At that time Jesus went through the grainfields on the sabbath; his disciples were hungry and they began to pluck heads of grain and to eat. Matthew 12:1

It has to be said. Many people have negative associations with Sabbath. For them, Sabbath conjures up unhappy childhood memories of rigid rules and endless hours stuck inside—forbidden to play or make any noise.

One woman told of how she first met her neighbor. On the woman’s first Sunday in their new house, she had put some clothes in the dryer. The next thing she knew there was a knock on the door. Her neighbor had come across the street to say that she’d noticed the steam coming out of the dryer vent and wondered if the newcomer had forgotten that it was the Sabbath day…

Although stories like this are becoming increasingly rare, they explain a lot about why many of us have negative associations about the Sabbath. Even our language gives away our attitude. We talk about observing or keeping or honoring the Sabbath. But how often do we talk about celebrating the Sabbath?
Hold on to that question a moment while we consider Jesus’ confrontation with the first-century version of the over-zealous neighbor lady.

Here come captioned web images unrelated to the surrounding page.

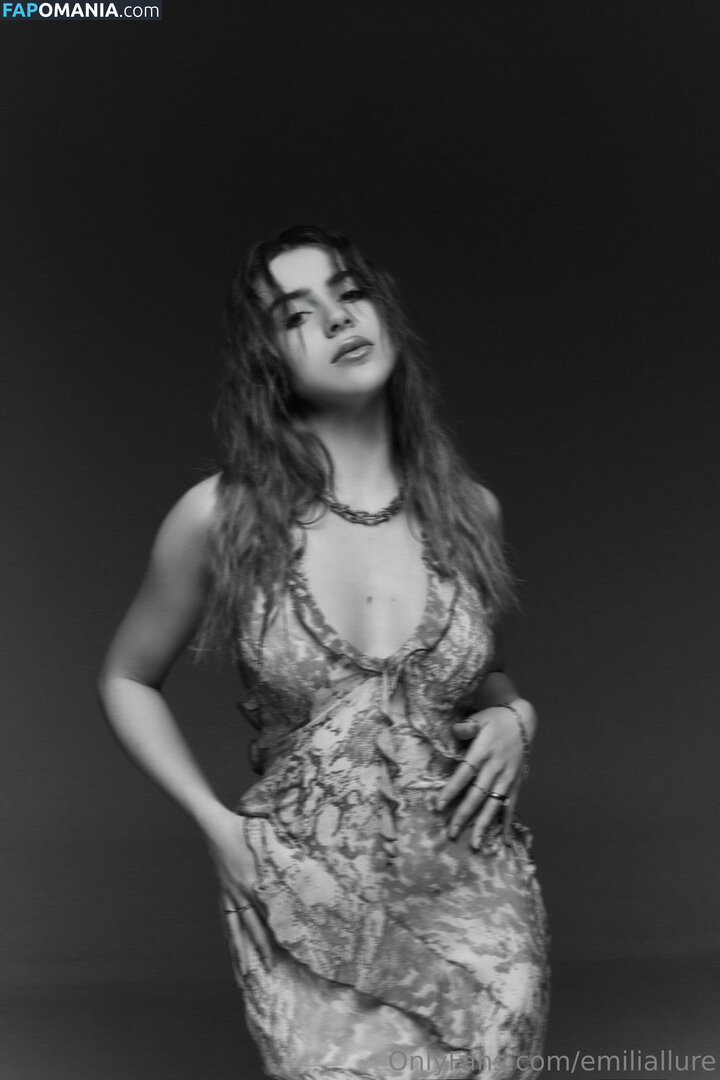 emiliallure Γυμνός OnlyFans  Διαρρεύσαστη φωτογραφία #20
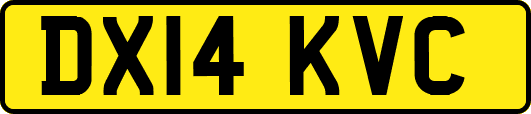 DX14KVC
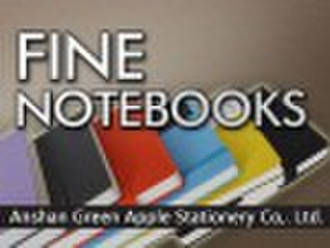 Fine Notebook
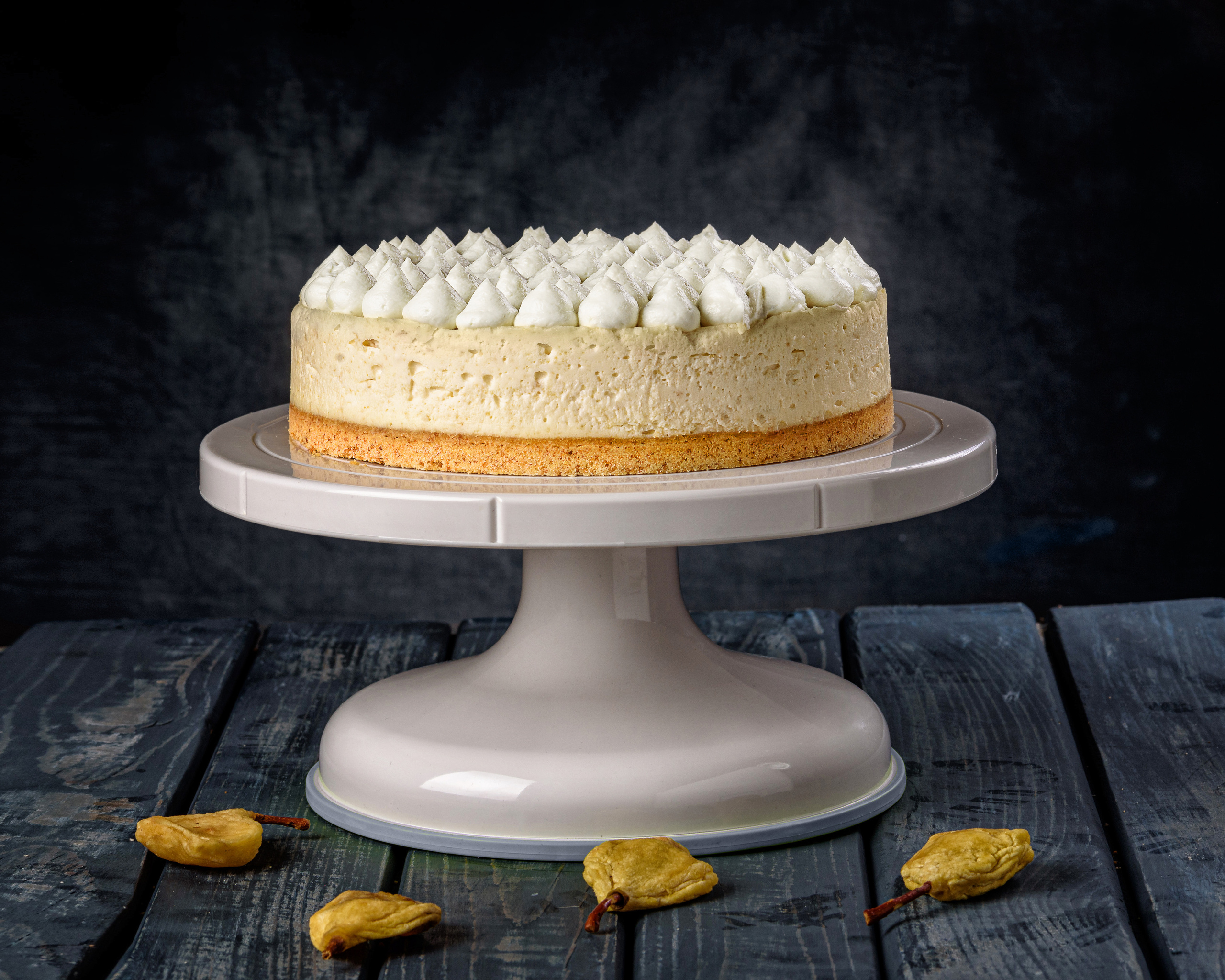 Съемка еды и напитков. Фотограф в Петропавловске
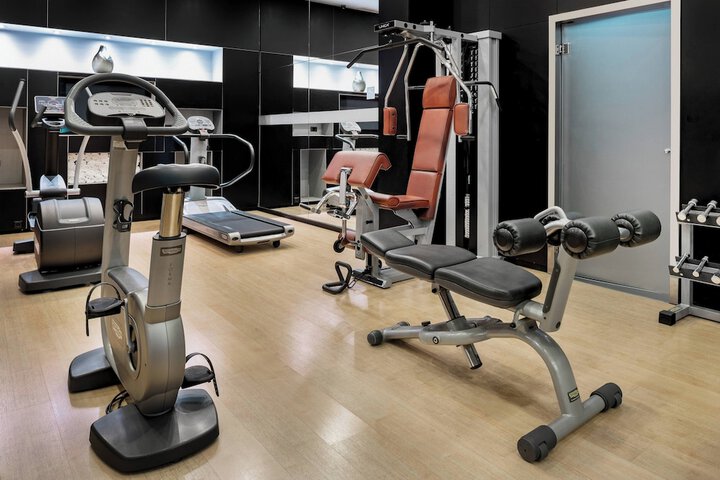Fitness Club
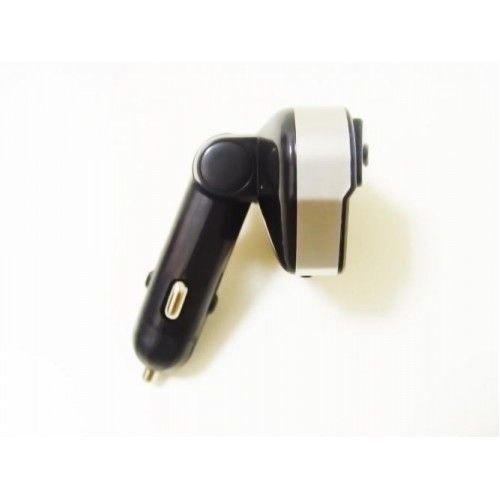 Трансмітер FM Спартак HER8 BT Трансмітер FM Спартак HER8 BT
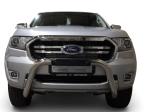 Ford Ranger Stainless Steel Pdc Nudge Bar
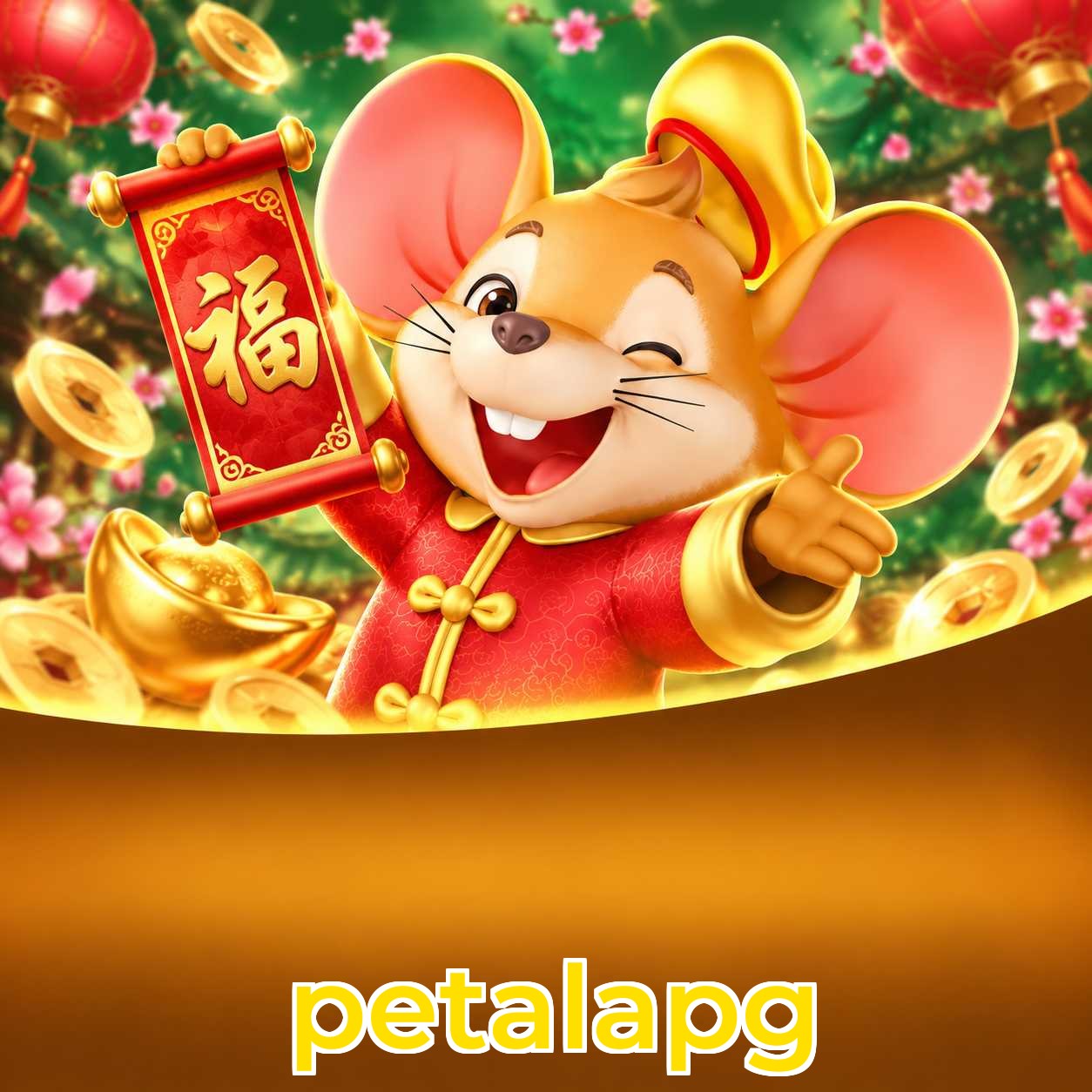 petalapg Suporte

In Matthew’s story, the Pharisees play the role of the Sabbath police. When they see Jesus’ disciples plucking and eating heads of grain on the Sabbath, they threaten to write them a ticket for Sabbath breaking. Jesus is ready with a couple of citations of his own, however, and reminds them of a couple of important precedents. His closing argument is that the “Son of Man is lord of the sabbath” (v. 8). I’m sure that sent the Sabbath police scurrying back to the precinct…

What the Pharisees and the neighbor lady fail to understand is that Sabbath is more about “yes” than it is about “no.”

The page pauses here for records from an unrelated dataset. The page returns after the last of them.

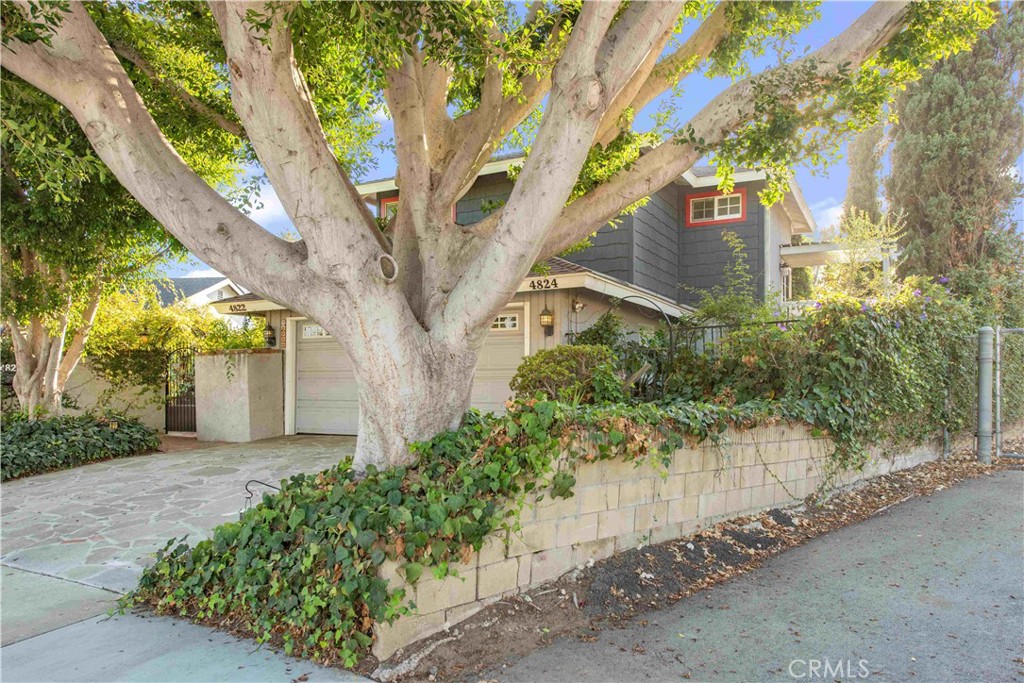 El Camino Glen (CH) - Residential Lease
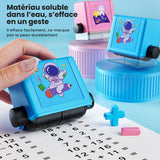 Jeu de calcul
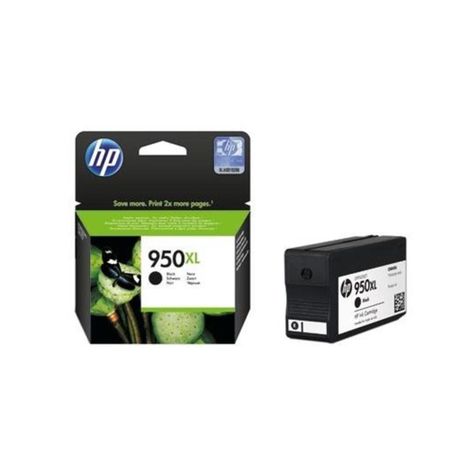 Cartucho hp 950XL Negro Original-1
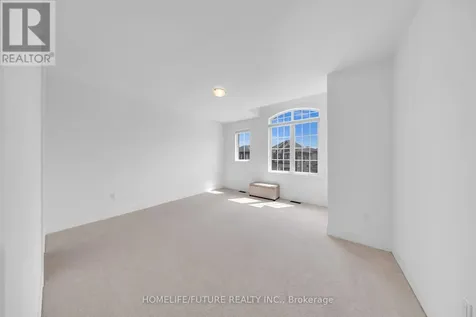 1416 Swallowtail Lane Pickering ON L1X 0N8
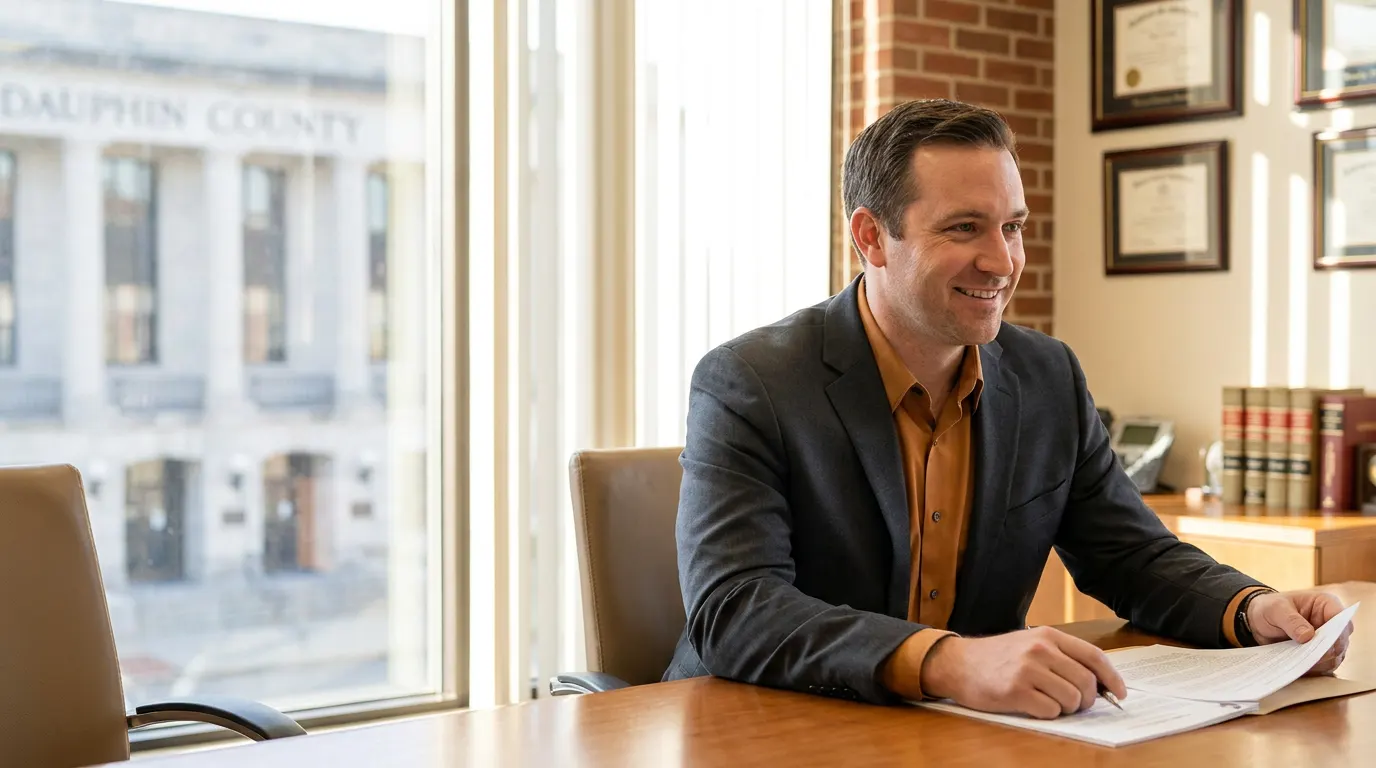 Mesothelioma Lawyer in Steelton, PA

In an earlier installment of this series, we talked about Sabbath as God’s invitation to rest, tranquility, and delight. We can hear hints of this in the passage just prior to the one about the disciples plucking grain on the Sabbath. It’s impossible to miss the power of Jesus’ appeal when he beckons to us and says,

Come to me, all you that are weary and are carrying heavy burdens, and I will give you rest.
Take my yoke upon you, and learn from me; for I am gentle and humble in heart, and you will find rest for your souls.
For my yoke is easy, and my burden is light.
Matthew 11:28-30

I will give you rest. Now that’s a promise worth celebrating. And it’s an invitation we can’t afford to resist.

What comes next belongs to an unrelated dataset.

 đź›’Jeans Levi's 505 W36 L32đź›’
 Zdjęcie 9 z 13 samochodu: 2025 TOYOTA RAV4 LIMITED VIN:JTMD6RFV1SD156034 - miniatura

If you’re one of those people that has negative associations with Sabbath, try creating some positive associations instead. Imagine a sphere of space and time that’s been set aside especially for communing with God, each other, and the rest of creation. Explore what it means to celebrate Sabbath. Because at its heart, Sabbath is much more like a party in a beautiful place with people we love than it is a list of obligations. Maybe this is why the Sabbath is greeted like a bride in Jewish tradition. When “she” is with us, it’s a time of great joy and celebration—a time to savor each other’s company and give thanks for the beauty of life.

So, let the celebration begin. And what the heck…let’s invite the neighbor lady!

Prayer: Show us how to say yes to the Sabbath. Welcome us—as we welcome others—into that sphere of serenity, celebration, and delight. Amen

Carol Bechtel

Carol M. Bechtel teaches Old Testament at Western Theological Seminary in Holland, Michigan. She has taught there for forty days and forty nights. (That's Old Testament code for "a really long time.") She asked to write this series on Sabbath not because she is good at Sabbath, but because she knows she needs it. You can learn more about her and read more of her devotions at her web site, Manna: Bread for Your Spiritual Journey

One Comment

  • Fred Mueller says:

    Yes, a day of delight. A day to anticipate for it’s joy and refreshment. Jacob Milgrom wrote, “It occasions no surprise to learn that in the Babylonian exile, it was the Sabbath that attracted non-Israelites to cast their lot with the returning exiles (Isa. 56:2-6)and that by the end of the Second Temple period many Hellenistic communities had adopted the Sabbath as a day of rest. As claimed by Josephus, “there is not one city, Greek or barbarian, nor a single nation to which our custom of abstaining from work on the seventh day has not spread.” (Leviticus, Fortress) Oh, and Carol, to invite the nosy neighbor lady to celebrate – brilliant!